M. Mellouk se voit alors notifier qu’il ne peut jouir de son passeport sans présentation expresse du jugement définitif rendu à son sujet dans l’affaire des magistrats faussaires. « Depuis 48 heures, je suis comme un fou. J’ai soudain un problème dermique qui me ronge le crâne chevelu dû à un pic de tension », dit-il en exhibant des taches rouges ayant nouvellement envahi son visage émacié. Normal quand on se représente toutes les abominations qu’a dû subir dans sa chair cet épatant commis de l’Etat qui défend sa cause au péril de sa vie. Même sa famille a eu à pâtir des affres de la hogra infligées par d’obscures officines pour faire payer à l’intègre fonctionnaire son sursaut de moralité. « Je suis fatigué, épuisé, vidé de mes forces ! Si une quelconque ambassade m’offrait l’asile, je m’y réfugierais », éructe-t-il dans un moment de colère toute légitime.
Mais l’homme, loin d’abdiquer, persiste et signe : l’affaire des magistrats faussaires, l’un des plus gros dossiers de faux et corruption pendant au nez de la justice algérienne, éclatera un jour et ses protagonistes paieront. « Que les magistrats ouvrent le dossier sérieusement ! L’affaire traîne encore devant la cour et le verdict de la vérité est repoussé indéfiniment », rage-t-il. « Malheureusement, pour raison d’Etat, ils me font punir : pressions, menaces, intimidations, on m’a fait voir de tout. On m’a radié de mon poste pour avoir dénoncé des intouchables dans cette affaire qui a éclaboussé toutes les institutions de l’Etat. Ils m’interdisent mes droits civiques ; maintenant, on s’attaque à mon passeport pour me bloquer. Et voilà ce ridicule mois de salaire qu’on me réclame seize ans plus tard, un traitement qui remonte à la période où j’étais en prison avec Abderrahmane Mahmoudi, Allah yerahmou.

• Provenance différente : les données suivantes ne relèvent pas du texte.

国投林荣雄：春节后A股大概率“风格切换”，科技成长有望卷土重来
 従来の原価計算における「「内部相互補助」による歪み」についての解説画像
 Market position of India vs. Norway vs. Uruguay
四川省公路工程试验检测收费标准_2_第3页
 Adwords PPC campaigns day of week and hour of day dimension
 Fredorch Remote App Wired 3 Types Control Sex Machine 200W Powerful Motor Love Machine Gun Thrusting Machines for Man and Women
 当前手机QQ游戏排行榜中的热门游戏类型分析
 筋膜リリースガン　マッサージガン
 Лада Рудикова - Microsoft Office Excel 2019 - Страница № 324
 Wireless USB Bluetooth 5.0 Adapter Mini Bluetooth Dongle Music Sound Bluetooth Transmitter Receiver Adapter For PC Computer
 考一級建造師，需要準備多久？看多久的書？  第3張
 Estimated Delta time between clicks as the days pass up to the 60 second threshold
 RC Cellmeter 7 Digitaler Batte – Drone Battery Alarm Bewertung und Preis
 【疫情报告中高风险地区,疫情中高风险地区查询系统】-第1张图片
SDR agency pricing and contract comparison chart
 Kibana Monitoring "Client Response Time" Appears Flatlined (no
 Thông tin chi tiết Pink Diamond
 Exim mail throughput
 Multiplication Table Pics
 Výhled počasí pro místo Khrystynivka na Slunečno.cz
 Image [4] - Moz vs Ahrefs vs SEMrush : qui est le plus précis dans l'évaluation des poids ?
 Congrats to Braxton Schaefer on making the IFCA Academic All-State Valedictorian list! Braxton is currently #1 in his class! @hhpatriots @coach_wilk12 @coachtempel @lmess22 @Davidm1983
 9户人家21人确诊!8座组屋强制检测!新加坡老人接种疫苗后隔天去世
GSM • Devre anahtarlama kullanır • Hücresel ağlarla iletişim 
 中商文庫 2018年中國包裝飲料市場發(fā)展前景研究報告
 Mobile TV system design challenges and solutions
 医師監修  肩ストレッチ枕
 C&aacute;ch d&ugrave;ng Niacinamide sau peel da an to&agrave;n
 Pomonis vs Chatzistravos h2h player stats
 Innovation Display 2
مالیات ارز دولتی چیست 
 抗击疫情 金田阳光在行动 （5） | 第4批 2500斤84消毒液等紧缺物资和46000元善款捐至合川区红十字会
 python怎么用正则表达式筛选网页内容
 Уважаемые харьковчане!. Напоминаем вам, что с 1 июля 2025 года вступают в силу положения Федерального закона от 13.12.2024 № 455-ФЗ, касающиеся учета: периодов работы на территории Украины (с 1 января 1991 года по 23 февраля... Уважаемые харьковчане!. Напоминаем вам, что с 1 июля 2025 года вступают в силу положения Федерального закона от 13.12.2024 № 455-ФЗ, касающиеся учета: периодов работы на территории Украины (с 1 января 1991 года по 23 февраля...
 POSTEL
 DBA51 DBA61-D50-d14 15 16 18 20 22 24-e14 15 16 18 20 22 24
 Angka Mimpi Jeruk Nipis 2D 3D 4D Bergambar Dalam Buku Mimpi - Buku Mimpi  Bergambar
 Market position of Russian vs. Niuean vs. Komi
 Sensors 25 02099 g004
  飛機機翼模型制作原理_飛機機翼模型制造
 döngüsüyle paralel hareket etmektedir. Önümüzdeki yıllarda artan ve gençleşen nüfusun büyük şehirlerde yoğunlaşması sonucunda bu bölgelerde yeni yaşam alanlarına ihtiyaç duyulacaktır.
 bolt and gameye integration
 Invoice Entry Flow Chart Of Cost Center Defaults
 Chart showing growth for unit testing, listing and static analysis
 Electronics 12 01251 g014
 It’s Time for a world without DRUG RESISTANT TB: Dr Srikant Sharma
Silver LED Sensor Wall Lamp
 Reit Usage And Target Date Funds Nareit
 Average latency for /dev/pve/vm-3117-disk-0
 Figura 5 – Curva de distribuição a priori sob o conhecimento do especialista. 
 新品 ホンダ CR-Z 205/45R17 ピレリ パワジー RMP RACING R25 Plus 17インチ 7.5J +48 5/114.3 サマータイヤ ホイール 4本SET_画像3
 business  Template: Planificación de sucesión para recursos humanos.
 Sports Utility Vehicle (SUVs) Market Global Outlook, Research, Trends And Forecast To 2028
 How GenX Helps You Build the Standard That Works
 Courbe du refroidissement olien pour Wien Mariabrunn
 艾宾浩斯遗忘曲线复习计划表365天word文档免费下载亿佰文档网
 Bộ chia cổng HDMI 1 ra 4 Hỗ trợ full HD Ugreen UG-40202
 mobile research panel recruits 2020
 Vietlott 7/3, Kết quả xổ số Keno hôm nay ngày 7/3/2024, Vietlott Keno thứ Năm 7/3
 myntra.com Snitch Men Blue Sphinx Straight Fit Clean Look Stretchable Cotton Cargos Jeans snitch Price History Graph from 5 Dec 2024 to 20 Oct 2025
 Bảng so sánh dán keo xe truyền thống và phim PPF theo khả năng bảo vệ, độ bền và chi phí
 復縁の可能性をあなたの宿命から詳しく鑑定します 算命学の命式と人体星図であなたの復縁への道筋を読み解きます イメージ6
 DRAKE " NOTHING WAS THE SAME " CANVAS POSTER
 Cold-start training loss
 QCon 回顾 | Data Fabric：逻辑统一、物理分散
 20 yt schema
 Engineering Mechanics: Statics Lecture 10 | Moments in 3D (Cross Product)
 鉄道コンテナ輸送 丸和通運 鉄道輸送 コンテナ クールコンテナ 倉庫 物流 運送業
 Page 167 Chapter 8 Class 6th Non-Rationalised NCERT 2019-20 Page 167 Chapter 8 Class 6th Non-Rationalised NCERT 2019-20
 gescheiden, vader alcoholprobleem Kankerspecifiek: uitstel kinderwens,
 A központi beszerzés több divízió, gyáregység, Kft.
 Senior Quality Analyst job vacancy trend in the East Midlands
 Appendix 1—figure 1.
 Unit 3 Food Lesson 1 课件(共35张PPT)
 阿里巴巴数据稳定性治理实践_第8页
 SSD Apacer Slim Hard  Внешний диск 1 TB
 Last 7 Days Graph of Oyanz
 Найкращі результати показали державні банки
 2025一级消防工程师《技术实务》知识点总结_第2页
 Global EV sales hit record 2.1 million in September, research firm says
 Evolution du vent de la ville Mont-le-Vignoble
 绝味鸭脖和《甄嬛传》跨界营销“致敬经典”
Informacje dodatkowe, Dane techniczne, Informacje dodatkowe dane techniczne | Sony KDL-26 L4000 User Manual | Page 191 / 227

C’est une honte, une injustice flagrante ! Et je tiens le premier magistrat du pays, le président Bouteflika, pour premier responsable de cette situation, lui qui n’a pas eu le courage de trancher dans cette affaire qui touche l’honneur de tout un pays et l’épopée des chouhada. On veut ainsi couvrir des voleurs magistrats qui ont profité sur le dos du peuple et son trésor en obtenant de fausses attestations de moudjahidine. Qui doit payer, moi ou eux ? Moi, je suis prêt à aller au fond de ce dossier pour faire éclater la vérité, et je le ferai à l’intérieur ou à l’extérieur ». Courageux, digne, M. Mellouk continue d’arpenter les couloirs des rédactions et des palais de justice, ses sulfureux dossiers à la main, comme une bombe qui manque d’exploser avec à la bouche ces mots qui résument la foi ardente qui l’anime et expliquent sa formidable ténacité : « Je ne regrette pas d’avoir fait mon devoir envers mon pays que j’aime ».